Big Data Hadoop & Spark

Implementing HBase filters using Java APIs

In our previous blog we discussed about Need and Working of Filters in HBase. In this blog, we will be implementing a filtering operation on a set of rows in a HBase table.
We also recommend readers to go through our our below posts on HBase as it would help them in understanding the concepts given in this post in a better way.
Beginners Guide For HBase
Working of HBase components
Read and Write Operations in HBase
Performing CRUD Operations on HBase using JAVA API
For the below example, we will be using an existing table named “customer” from HBase default database.
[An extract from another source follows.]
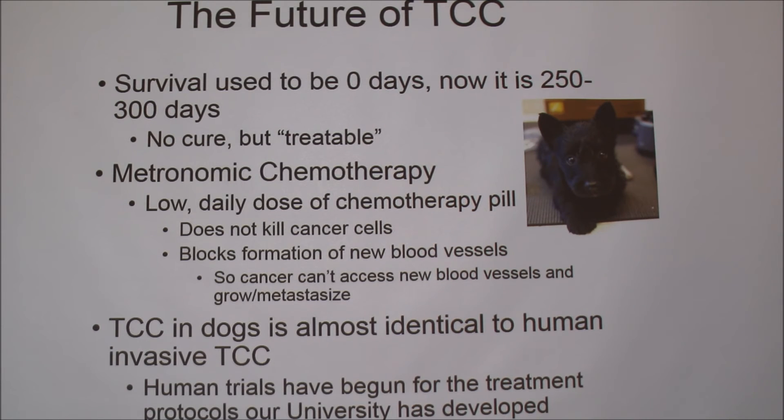The future of TCC is looking up. Survival used to be zero days before our university started doing research, and veterinarians would often euthanize upon diagnosis. But now with the different treatment methods, dogs generally survive for 250 to 300 days. Currently they're working on metronomic chemotherapy — a low daily dose of a chemotherapy pill that doesn't kill cancer cells directly but blocks the formation of new blood vessels, preventing cancer from metastasizing and spreading. Lastly, this is really important because TCC in dogs is almost identical to the human form, so human trials have begun for a lot of the drugs and protocols our university has created — and that can help people like my grandpa.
We can observe in the below image that by using HBase “list” command, we are listing the tables present in the HBase default database.

Table “customer” contents :
As shown in the below image, the table “customer” consists of three rows, namely Kiran, Manjunath and Prateek with a single column family named “order” and its column qualifier name as the number.

Scenario 1 :
Write a Java API to list the row values of the “customer” table without using Filter function.
Expected Output:
We can refer to the below screenshot to see the what the expected output will be.
5.0 row filter retrieve all rows using scan
Source Code:
package com.acadgild.hbase;
import java.io.IOException;
import java.util.ArrayList;
import java.util.List;
import org.apache.hadoop.conf.Configuration;
import org.apache.hadoop.hbase.HBaseConfiguration;
import org.apache.hadoop.hbase.client.HTable;
import org.apache.hadoop.hbase.client.Result;
import org.apache.hadoop.hbase.client.ResultScanner;
import org.apache.hadoop.hbase.client.Scan;
import org.apache.hadoop.hbase.filter.Filter;
import org.apache.hadoop.hbase.filter.FilterBase;
import org.apache.hadoop.hbase.filter.FilterList;
import org.apache.hadoop.hbase.filter.RegexStringComparator;
import org.apache.hadoop.hbase.filter.RowFilter;
import org.apache.hadoop.hbase.filter.SubstringComparator;
import org.apache.hadoop.hbase.filter.ValueFilter;
import org.apache.hadoop.hbase.filter.CompareFilter;
import org.apache.hadoop.hbase.filter.CompareFilter.CompareOp;
import org.apache.hadoop.hbase.util.Bytes;
import org.jruby.compiler.ir.operands.Array;

public class Filter_RowValue {
public static void main(String args[])throws IOException {
Configuration conf = HBaseConfiguration.create();
HTable table = new HTable(conf,"customer");
Scan scan = new Scan();
scan.addColumn(Bytes.toBytes("order"),Bytes.toBytes("number"));
ResultScanner result = table.getScanner(scan);
for(Result res:result){
byte[] val = res.getValue(Bytes.toBytes("order"), Bytes.toBytes("number"));
System.out.println("Row-value : "+Bytes.toString(val));
System.out.println(res);
}
table.close();
}
}

Here’s the explanation of each line of code :
In line 1, we are declaring a class name Filter_RowValue.
In line 3, the Configuration class adds HBase configuration resources to its object conf with the help of create() method of the HBaseConfiguration class.
In line 4, the class HTable instance “table” will allow to communicate with a single HBase table, it accepts configuration object and the table name as the parameters.
In line 5, we are creating class Scan “scan” instance to perform Scan operations.
In line 6, we are using addColumn method to column in the table “customer”, where “order” is the column family name and “number” is the column qualifier name of the column family “order”.
In line 7, we are declaring ResultScanner instance “result” which returns a scanner on the current table “customer” as specified by the Scan object.
In line 8, a foreach loop is taken, which will run each time for the rows inside the “customer” table until the result scanner value is found.
In line 9, we are storing entire rows, if the column family name is “order” and column qualifier name is “number” found in the table “customer” in the variable val.
In line 10, we are printing the entire variable val values with its associated column qualifier value.
In line 13, we are closing the table operation.
Output:
5.0 row filter retrieve all rows using scan
Hadoop
Scenario 2 :
Write a Java API to list the row values of the “customer” table where the column qualifier value is “Fli” and discarding the rows which is not having column qulaifier value as “Fli” using HBase Filter function.
Expected Output :
We can refer to the below screenshot to see the what the expected output will be.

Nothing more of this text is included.